Speaking of “It’s Alive!”(oh, were we?), “Young Frankenstein” will also be opening this fall on Broadway. Allow me a few minutes to rant here. I was never a huge fan of “The Producers”, the musical. I thought the original movie was one of the funniest things I’d ever seen. It was subversive, it was evil, it was waaaayyy ahead of its time. It had Zero Mostel, Gene Wilder, Kenneth Mars, Dick Shawn, it even had William Hickey as a drunk in a bar! The musical had Nathan Lane, Matthew Broderick(who was BRILLIANT as Leo Bloom), Roger Bart, Gary Beach…but most important, the musical had Susan Stroman. without her, it probably would never have been a mega-hit.As the director, Ms. Stroman made this piece crackle. Well, now comes “Young Frankenstein”. I remember seeing the movie during its original run at the Paramount, where Trump International Hotel And Tower sits now. I thought the movie was funny; not as funny as “Blazing Saddles”, not as funny as “The Producers”, but funny. The ending fell flat, but it had Gene Wilder, Madeline Kahn, Peter Boyle, and Cloris Leachman to keep things moving. I saw it again on cable recently, it’s still funny, but is it a 450 dollar a seat live on stage funny? Is anything THAT funny? I’m looking forward to seeing what kind of magic Susan Stroman, who will be directing, can work with the material, but did I just mention that $450 ticket price for prime seats in the orchestra? Who has that kind of money? Ah yes, big corporations who need to entertain out of town clients have that kind of money. I really have to wonder about the kind of thinking that shuts out the average theatregoer from prime seats to a new musical because it’s so important to recoup in as little time as possible. And I have to wonder, with all those $450 seats at every performance, are the actors sharing in that windfall, or are most of them getting scale? With all that money being spread around, I would certainly hope actors like Roger Bart, Sutton Foster, Megan Mullalley, Shuler Hensley, Andrea Martin and Chris Fitzgerald are getting their fair share of the pie, so to speak. There’s a huge pot of cash to be made, and I’d like to think it isn’t all going to Mel Brooks. Oh well, I can dream, can’t I? Rant over, and I thank you.
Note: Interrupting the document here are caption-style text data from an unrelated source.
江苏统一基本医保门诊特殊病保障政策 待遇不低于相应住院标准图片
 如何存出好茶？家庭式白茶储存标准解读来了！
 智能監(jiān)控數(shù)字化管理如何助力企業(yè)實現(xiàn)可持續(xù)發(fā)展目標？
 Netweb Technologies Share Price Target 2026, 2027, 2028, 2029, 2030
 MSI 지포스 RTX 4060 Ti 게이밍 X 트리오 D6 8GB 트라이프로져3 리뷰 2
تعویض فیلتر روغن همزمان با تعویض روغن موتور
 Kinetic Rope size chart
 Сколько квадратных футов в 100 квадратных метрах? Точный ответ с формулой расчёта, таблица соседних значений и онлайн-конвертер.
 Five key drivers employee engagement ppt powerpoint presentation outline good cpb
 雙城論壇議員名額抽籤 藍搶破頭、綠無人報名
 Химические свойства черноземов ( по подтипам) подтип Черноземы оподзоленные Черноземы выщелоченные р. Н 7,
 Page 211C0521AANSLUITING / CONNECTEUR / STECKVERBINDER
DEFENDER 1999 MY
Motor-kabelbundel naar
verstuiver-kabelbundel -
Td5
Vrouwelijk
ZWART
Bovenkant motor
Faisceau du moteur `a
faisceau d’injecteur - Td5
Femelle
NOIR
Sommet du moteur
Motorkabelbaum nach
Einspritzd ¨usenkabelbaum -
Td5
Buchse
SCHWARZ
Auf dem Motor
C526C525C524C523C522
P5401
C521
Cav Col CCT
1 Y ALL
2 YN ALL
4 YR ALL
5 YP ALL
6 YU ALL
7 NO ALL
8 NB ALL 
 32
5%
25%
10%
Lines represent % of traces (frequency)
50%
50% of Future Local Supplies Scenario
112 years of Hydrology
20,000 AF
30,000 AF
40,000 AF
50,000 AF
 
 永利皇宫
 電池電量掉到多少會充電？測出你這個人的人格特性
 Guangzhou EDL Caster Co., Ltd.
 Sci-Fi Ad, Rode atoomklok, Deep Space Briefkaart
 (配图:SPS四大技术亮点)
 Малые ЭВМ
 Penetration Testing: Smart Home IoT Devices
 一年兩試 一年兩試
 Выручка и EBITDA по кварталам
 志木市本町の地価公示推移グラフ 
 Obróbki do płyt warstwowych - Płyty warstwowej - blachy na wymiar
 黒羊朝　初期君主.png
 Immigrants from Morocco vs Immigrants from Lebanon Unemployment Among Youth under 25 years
I’m looking forward to Kevin Chamberlin and Rosie Perez in “The Ritz” at Studio 54 in September. This play by Terrence McNally is still one of his best efforts, and with Joe Mantello directing, it should be a laugh riot. The original production appeared on Broadway in the 70’s, and starred Rita Moreno, Jerry Stiller and Jack Weston, and it’s about a garbageman from Queens, NY, who accidentally chooses a gay bathhouse to hide out in after his father-in-law puts a hit out on him. As you might imagine, complications ensue. Rita won a Tony as chanteuse Googie Gomez; Rosie Perez is an inspired choice for the role. Mr. Chamberlin is the natural successor to Jack Weston…Mr. Weston was the master of the slow burn…Kevin is one of my favorite actors, and his performance in “Dirty Blonde” several years ago still resonates as one of those great moments in theater! He will ROCK
Thank you all for reading…see you in September!